--- RECORDS Enclosed Below ---

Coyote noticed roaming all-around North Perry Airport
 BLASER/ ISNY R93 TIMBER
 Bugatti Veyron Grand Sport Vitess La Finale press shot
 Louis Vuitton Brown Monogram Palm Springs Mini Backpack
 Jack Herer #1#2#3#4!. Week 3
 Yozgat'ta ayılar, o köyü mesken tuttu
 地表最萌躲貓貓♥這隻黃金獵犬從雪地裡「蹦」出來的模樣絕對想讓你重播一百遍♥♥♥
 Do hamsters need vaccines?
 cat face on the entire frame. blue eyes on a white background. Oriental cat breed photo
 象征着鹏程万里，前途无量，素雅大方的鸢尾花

--- End of Enclosed RECORDS ---

YOUR OBJECTIVE
Retype, in the same exact form, the lines of the material above from the line holding "BLASER/ ISNY R93 TIMBER" through the line holding "地表最萌躲貓貓♥這隻黃金獵犬從雪地裡「蹦」出來的模樣絕對想讓你重播一百遍♥♥♥".

WRITTEN RESPONSE
 BLASER/ ISNY R93 TIMBER
 Bugatti Veyron Grand Sport Vitess La Finale press shot
 Louis Vuitton Brown Monogram Palm Springs Mini Backpack
 Jack Herer #1#2#3#4!. Week 3
 Yozgat'ta ayılar, o köyü mesken tuttu
 地表最萌躲貓貓♥這隻黃金獵犬從雪地裡「蹦」出來的模樣絕對想讓你重播一百遍♥♥♥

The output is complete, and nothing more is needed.